User SixCart contributed the sum over a 2 day period, meaning that liquidity providers to the market were set to earn a share of $35,634 over a 24-hour period, for two days straight.

Traders and farmers flooded the order book, resulting in more than $29 million in volume traded on the market over the last 24 hours. However users have reported that they are not receiving LP rewards in line with the massive rewards pool, indicating that the Polymarket team may have disabled the outlandish incentives, though this has not been confirmed or denied by the company.
A Polymarket developer did post on X last night that the team has successfully added the option to cancel sponsorships as well, following the events.
The incident serves as a humorous way to kick off the sponsored rewards feature and the huge surge in volume proves as a proof of concept for the presumed end goal of user incentivized liquidity rewards.

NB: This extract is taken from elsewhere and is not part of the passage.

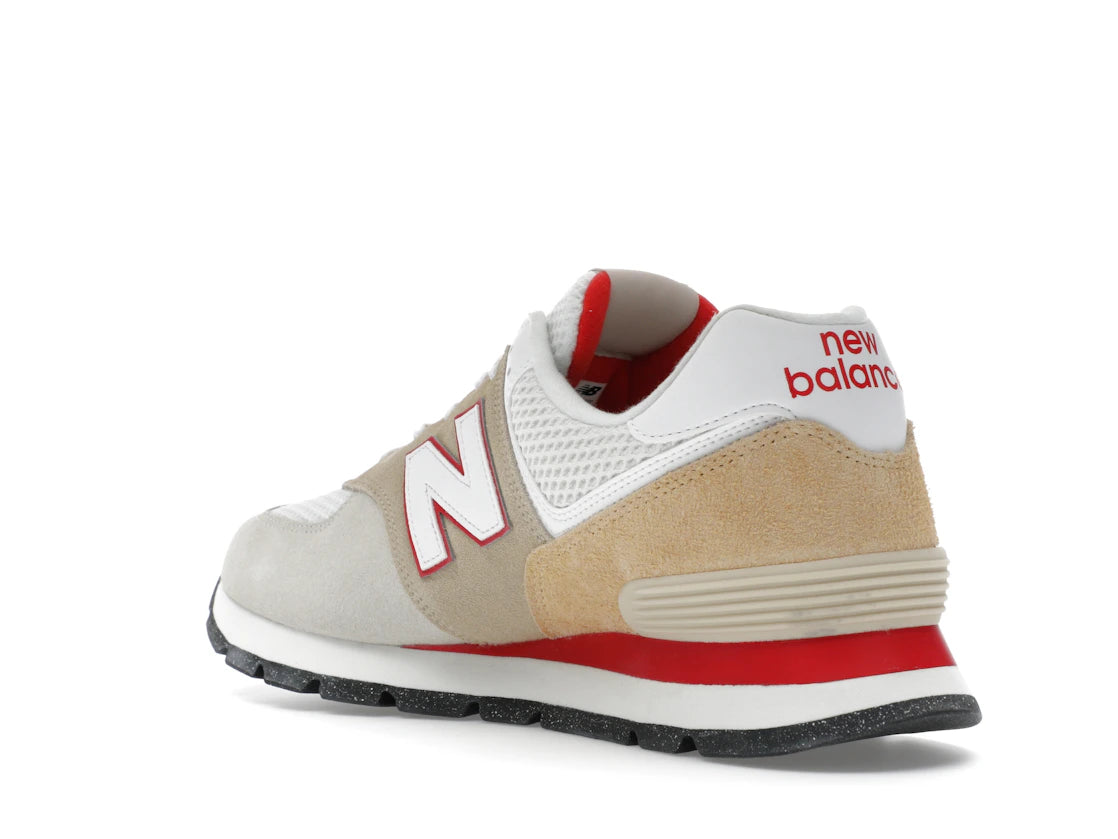 New Balance 574 Vanilla Clay - vue secondaire B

While the prediction market’s 2025 was mostly defined by investment rounds, mainstream partnerships, and its ongoing rivalry with its main regulated U.S. competitor, Kalshi, Polymarket seems to be doing everything it can to boost liquidity on the platform this year.
Earlier this month, it was announced that Jump Trading invested in Polymarket in exchange for market making services on the platform. Sports markets on Polymarket are now very clearly automated by sophisticated operators as opposed to degens with homemade AMM bots, and LP incentive pools are now much larger than they were in 2025.
More Efficient Markets
At one point $200 was the max incentive Polymarket would give out for LPs. Now, the prediction market offers $500 per day to provide liquidity to an array of stock “up or down” markets. While this initial setup boosts liquidity on set markets, user sponsorships take liquidity boosting to a new level.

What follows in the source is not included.